**Extracted information**
□ □ □

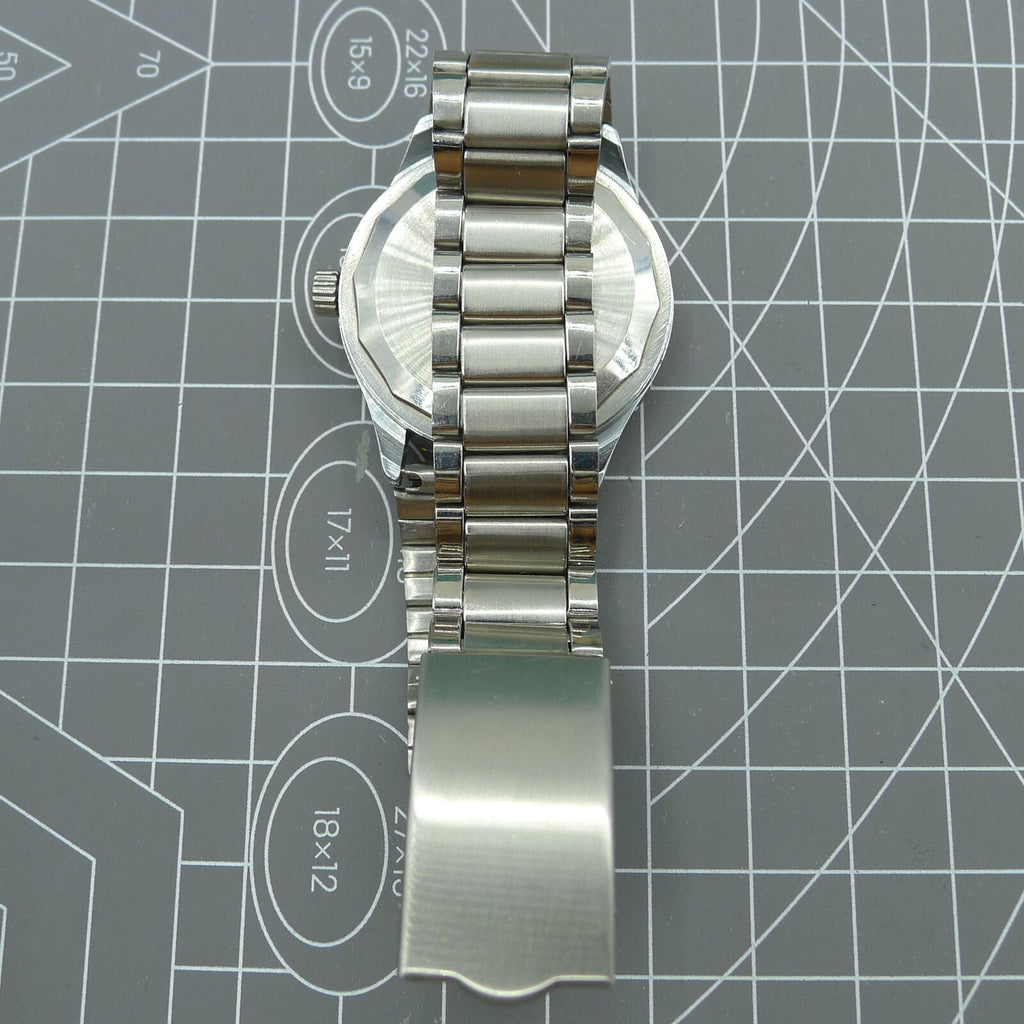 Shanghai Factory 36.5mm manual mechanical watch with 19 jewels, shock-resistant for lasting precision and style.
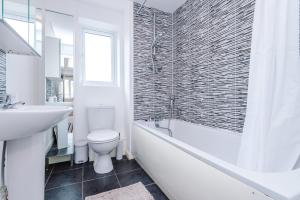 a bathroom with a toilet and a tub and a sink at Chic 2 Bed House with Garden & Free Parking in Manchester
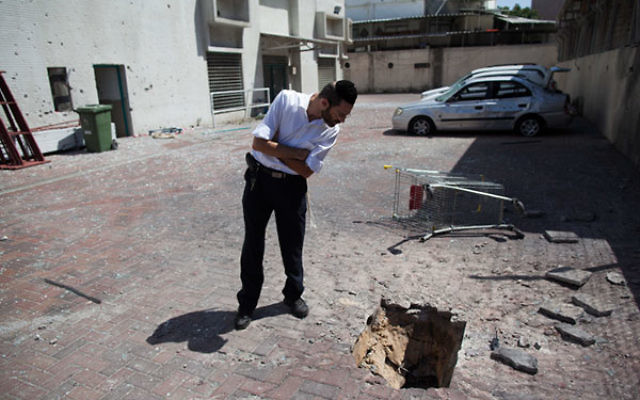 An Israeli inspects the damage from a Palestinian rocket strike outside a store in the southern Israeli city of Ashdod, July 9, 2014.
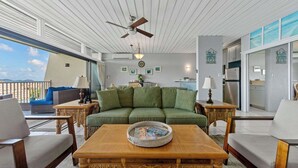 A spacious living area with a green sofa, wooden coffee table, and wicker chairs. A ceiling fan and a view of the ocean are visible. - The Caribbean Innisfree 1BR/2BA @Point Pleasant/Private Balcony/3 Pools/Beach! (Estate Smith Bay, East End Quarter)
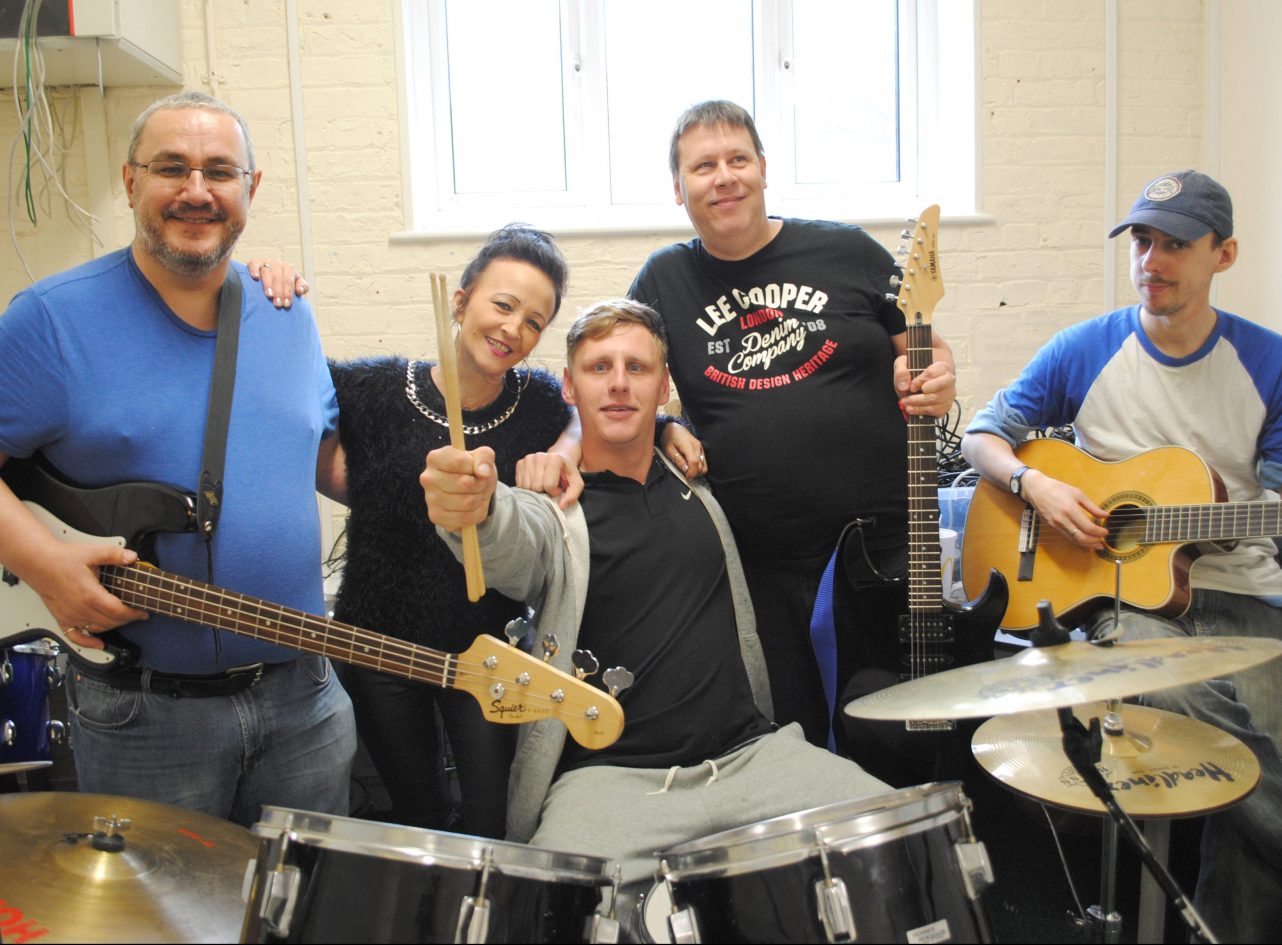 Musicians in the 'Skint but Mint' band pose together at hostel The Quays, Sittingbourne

□ □ □

**Aim of the task**
Omit the pictures and print again exactly the lines from the one with "An Israeli inspects" through the final line of the entries, both ends included.

**Task solution**
 An Israeli inspects the damage from a Palestinian rocket strike outside a store in the southern Israeli city of Ashdod, July 9, 2014.
 A spacious living area with a green sofa, wooden coffee table, and wicker chairs. A ceiling fan and a view of the ocean are visible. - The Caribbean Innisfree 1BR/2BA @Point Pleasant/Private Balcony/3 Pools/Beach! (Estate Smith Bay, East End Quarter)
 Musicians in the 'Skint but Mint' band pose together at hostel The Quays, Sittingbourne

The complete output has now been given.